Herrera notes his forecast included six different microclimates. So, L.A. basin is its own microclimate. You head over the hill, you go into the San Fernando Valley or the other hill into the San Gabriel Valley, you have two different microclimates there because you're protected in those valleys from surrounding mountains. Within those mountains, you have gaps. And the gaps contribute to how we experience weather. Besides microclimates, there are multiple characteristics unique to Los Angeles that cause extreme weather. The one with the coolest name is hydroclimate whiplash, according to Daniel Swain, a climate scientist for the California Institute for Water

Resources. Really wet periods, really dry periods are an intrinsic part of living in Southern California. But what we're seeing today is this increasing hydroclimate whiplash, which is this paradigm we use in climate science to think about what is happening to the hydrologic cycle. And the short answer is it's becoming more intense. Doesn't mean it rains more on average. Doesn't mean it rains more all the time. But what it does mean increasingly is that when it rains, well, increasingly it pours. But the reverse is also true is that when it's dry in L.A. now, it is really dry. And that on the other side of things really tells us about why we're seeing worse droughts and more severe wildfires. Hydroclimate whiplash

are all essentially increasing for the same fundamental reason, which is that rising temperatures increase the air's capacity to hold water or to evaporate water when that water is available. Todd Hall knows as much about L.A.'s severe weather as anyone. The warning coordination meteorologist for the National Weather Service has himself issued most of the severe weather warnings over the past 20 years. On average, he issues 150 marine warnings for boaters, 10 to 20 severe storm warnings, as well as the occasional tornado warning. And what he has to say about twisters is as dramatic as the movies with the same name. You know, we actually live in Southern California. We live in a very

tornado-prone area. Most people don't know that. The Los Angeles basin actually has a higher tornado density than what we see in the tornado alley. And that's due to the shape of our topography that contributes to that along with the flow that comes with a lot of our storm systems. So, it add extra little element of spin in the atmosphere to that. So, the only difference, of course, being when in Southern California is most of our tornadoes are EF0 or EF1s on the weakest scale where in tornado alley, they're dealing with EF3s, fours, and fives. The reason L.A.'s tornadoes are smaller is because of something called the marine layer, which has a colossal impact on weather. People often think I'm going to California and they show up

in shorts, flip-flops, and a T-shirt. And guess what? They're freezing cuz they're in the marine layer. It's very much an ingredient of Southern California weather. And I mean, it's even in our tornadoes. Now, I should say the marine layer is not the low clouds that we see. It's a misnomer. It's actually the cool ocean air that's pushed in every day. And that's what we perceive as the sea breeze living in Southern California. Todd studied air pollution at UCLA and noted the marine layer traps in pollutants. Although it is better known as the prime source of a certain signature couple of months in and near the beach towns. Well, most people are familiar with May gray and June gloom, July uh no sky, and August. You can go

for 4 months without seeing the sun along the coast. But meanwhile, if you go just 5 mi inland, it's it's sunny and you're enjoying the weather. The colder waters that are moving south from the Pacific Northwest. Those cooler waters create a lot of issues for the actually seeing some of the sun. But wait, there's more unique qualities to Los Angeles that cause imperfect weather. We have not even talked about the Santa Ana winds yet. Here in Southern California, we have three different wind regimes that can create fires.

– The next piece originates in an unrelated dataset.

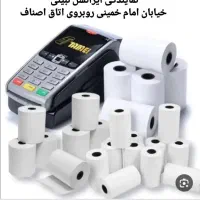 رول کارت خوان سفیدو رنگی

The most common that everyone knows is Santa Ana winds, and that's basically a flow from the desert to the into the L.A. basin. It's typically is a hot, dry wind. Sundowner winds in Santa Barbara. And those can be devastating. There was a Sundowner wind event that it contributed to the Thomas fire in 2018. And then we even have another more new phenomenon that we're discovering up in SLO County. It's called Santa Lucia winds. It's always been there, but now we have the ability to see these winds in real time. And let's hope Angelenos paid attention in geography 101 because there are local distinctions also impacting the weather drastically.

There are various quirks of geography and climatology that actually make parts of the hills and mountains immediately surrounding the city vulnerable to incredibly dramatic swings. If you're in the middle of a big built-up area with a lot of concrete and a lot of pavement and fewer trees, which is true of a significant portion of L.A. and its suburbs, you do tend to have more extreme heat waves because L.A. is a bit of a bowl. The main part of the city is at a lower elevation. It's surrounded by mountains. So, that pollution essentially gets trapped. Swain also noted Los Angeles's mountains as distinctively impacting the weather.

L.A., believe it or not, is actually a city that can see a lower risk of flooding. When it pours in the mountains, all of it also ends up in L.A. And that makes the city vulnerable to flash flooding and debris flows. And not only are these particularly steep mountains, so the San Gabriel Mountains, for example, are some of the steeper mountains in North America. All of these sorts of things that, you know, we don't have to think about as much in some other places. We're one of the few places on Earth that goes from sea level to 10,000 ft in a span of 35 mi. So, it makes it even more unique. We have something called orographic lift that takes place where we have just an upslope flow going into our mountains. Our storms are already

unstable, but now we're adding a bunch extra lift on top of that. So, it tends to really make precipitation forecasting here challenging. As part of his research as an economist at UC San Diego's Scripps Institution of Oceanography, Tom Coring him studies L.A.'s atmospheric rivers. Basically, it's a long, extended plume of water vapor that originates in Well, to get technical, they come from the subtropics and they move poleward to the higher latitudes. And for us, that basically means they come from around Hawaii and they move up to the West Coast. They used to be known as pineapple express storms. That moist air rises over the mountains and they just dump a ton of rain on us.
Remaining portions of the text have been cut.